Chris Patrick, senior vice president and GM of mobile handsets at Qualcomm, said the company does not design mobile chipsets with benchmarking in mind. But we do measure,” Patrick told attendees at this week's Snapdragon Summit event. As for the just-announced Snapdragon 8 Elite system-on-chip, it's clear that Patrick likes the chip, which will be in many of the best Android phones in 2025.
Qualcomm has released some eye-popping benchmarks on its new silicon, with the Snapdragon 8 Elite posting general performance numbers that beat Intel's new Lunar Lake chip in Geekbench tests.
At the same time, Qualcomm is promising power savings of 44% on the Snapdragon 8 Elite's CPU and 40% on the GPU compared to the Snapdragon 8 Gen 3. And the chipset, as featured in several entries on our Best Smartphone Battery Life list, consumes very little energy.
So how did Qualcomm achieve both performance and power efficiency? I was at the Snapdragon Summit as a guest of Qualcomm and had a roundtable discussion with Patrick about the Snapdragon 8 Elite along with other journalists. The following is an edited version of my questions to Patrick, a 28-year veteran of Qualcomm, covering the reasons for Qualcomm's changes to the top-of-the-line silicon and the potential impact users may notice on camera performance and other aspects.
Tom's Guide: What are the benefits of switching to a proprietary custom CPU in Oryon?

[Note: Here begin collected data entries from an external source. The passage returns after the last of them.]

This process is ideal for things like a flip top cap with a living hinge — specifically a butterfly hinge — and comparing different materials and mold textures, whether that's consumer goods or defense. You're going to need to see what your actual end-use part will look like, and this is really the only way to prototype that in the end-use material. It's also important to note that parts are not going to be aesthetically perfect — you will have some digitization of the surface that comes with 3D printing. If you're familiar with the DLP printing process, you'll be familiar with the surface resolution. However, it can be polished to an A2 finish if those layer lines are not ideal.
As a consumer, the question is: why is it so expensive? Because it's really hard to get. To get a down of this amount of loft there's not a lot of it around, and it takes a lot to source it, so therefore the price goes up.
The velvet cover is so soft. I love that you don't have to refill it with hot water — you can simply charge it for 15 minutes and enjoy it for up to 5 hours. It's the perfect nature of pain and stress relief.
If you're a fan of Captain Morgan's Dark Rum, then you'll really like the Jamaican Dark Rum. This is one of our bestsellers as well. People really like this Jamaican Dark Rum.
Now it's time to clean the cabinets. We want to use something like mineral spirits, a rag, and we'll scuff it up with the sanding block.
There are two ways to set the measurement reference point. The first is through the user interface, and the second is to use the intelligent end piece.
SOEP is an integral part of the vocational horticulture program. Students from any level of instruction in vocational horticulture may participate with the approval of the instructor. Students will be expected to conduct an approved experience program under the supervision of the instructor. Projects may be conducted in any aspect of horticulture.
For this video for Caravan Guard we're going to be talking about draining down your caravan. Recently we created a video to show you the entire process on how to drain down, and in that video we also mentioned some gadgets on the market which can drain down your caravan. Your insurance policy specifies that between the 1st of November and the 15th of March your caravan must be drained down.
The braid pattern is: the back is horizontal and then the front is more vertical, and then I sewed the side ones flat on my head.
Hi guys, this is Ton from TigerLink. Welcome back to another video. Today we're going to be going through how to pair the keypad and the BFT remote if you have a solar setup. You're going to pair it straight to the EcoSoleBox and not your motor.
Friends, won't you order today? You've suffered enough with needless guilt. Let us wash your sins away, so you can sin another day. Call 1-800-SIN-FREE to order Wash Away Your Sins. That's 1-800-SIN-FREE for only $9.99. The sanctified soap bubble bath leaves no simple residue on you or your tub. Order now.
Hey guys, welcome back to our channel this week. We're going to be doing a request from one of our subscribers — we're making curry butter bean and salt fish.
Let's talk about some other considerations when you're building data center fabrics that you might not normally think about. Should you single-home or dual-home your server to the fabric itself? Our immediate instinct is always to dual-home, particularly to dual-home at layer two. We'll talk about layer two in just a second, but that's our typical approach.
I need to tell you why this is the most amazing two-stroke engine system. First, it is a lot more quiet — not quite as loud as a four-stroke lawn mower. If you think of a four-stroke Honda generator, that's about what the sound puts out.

Chris Patrick: Most of the technology we use is designed in-house. Ultimately, we are building a fairly complex architecture that has evolved over decades of how we handle low-power operation, how we ramp up ultra-fast to extreme peak performance, how we move data throughout the system, how we manage current spikes, and so on. So we felt that CPUs would be a very powerful part of our product portfolio.
And we had ambitions to do more than we could get from vendor roadmaps alone. We were excited about the opportunity, and I think we were able to do exactly what we wanted to do: to be a desktop-class CPU (at the Snapdragon 8 Elite launch), but with excellent power efficiency for mobile. Peak performance is very high, but can be brought down to the battery-saving levels needed for mobile.
TG: What steps do you need to take to balance power and efficiency? What are the tips?
Patrick: The right microarchitecture that can maintain efficiency in each area. It is very difficult. It's like trying to be an Olympian in two sports at the same time. It's very difficult to train in both at the same time. But again, with the right microarchitecture, you can do it. And the right [system-on-chip] design with the right hooks makes it possible. [If there is one Olympic sport we have trained in, it is this one.
TG: Regarding Adreno GPUs, what are the advantages of the slice architecture you are introducing?
Patrick: We have been working on a certain philosophy of GPU architecture design for many years. It is really ...... not monolithic and has had a very heavy share across GPU architectures. As we discussed (at the Snapdragon 8 Elite launch), the growing needs of smartphone products require more advanced nodes. We have found that a more modular architecture is needed and more dedicated resources are needed for the GPU trunk.
Certainly not multiple GPUs, but still, a more modular architecture. This is the concept of slicing, where you slice pieces of a GPU to make them somewhat independent.
As we moved into more advanced technology nodes and technologies, we realized that this architecture, this partitioning, is very well suited to scale up to the tremendous power that cell phones require while managing power efficiency at the bottom.
TG: With the hexagonal neural processor having more direct access to the image and image signal processor, what will end users notice in the images of Snapdragon 8 Elite-powered phones?
Patrick One very direct way is segmentation, inline segmentation. You take a picture and then the AI says, “This is actually a leaf, not a piece of someone's hair. This is actually a flower, so I want to process it this way.” That can always be done in post-processing. But in the meantime, you lose information that will help you make a better photo.
When you look at a beautiful scene outside with the naked eye, you don't realize it, but you are really processing it differently depending on the context.
The great thing is that if we can use AI resources live, not post-processing, to identify features of a scene and provide real-time feedback, we can get better results. [Autofocus, white balance, color correction - if you can do all of these things live, you get a better balance. Consumers will not say, “This definitely shows that direct linking is enabled.” They will not say that. But in the end, they will see a more favorable photo, one that better captures what their eyes would have captured.
TG: If you had to narrow it down to just one elevator pitch, or one feature that would tell someone that this is why you are excited about this chipset, what would it be?
Patrick: It's hard to over-index a CPU, but that's not the case here. This is really something special: a desktop-class CPU, but with mobile-level power efficiency.
In the pocket of your smartphone, you will likely find something comparable to the PCs you have been using. They enable entirely new use cases: productivity use cases, gaming use cases, AI use cases, and complex applications. There is no hesitation about any of them. Even if you use an incredibly complex web page and the one in the link doesn't work at all, it will all work on your phone without any issues, problems, or lag.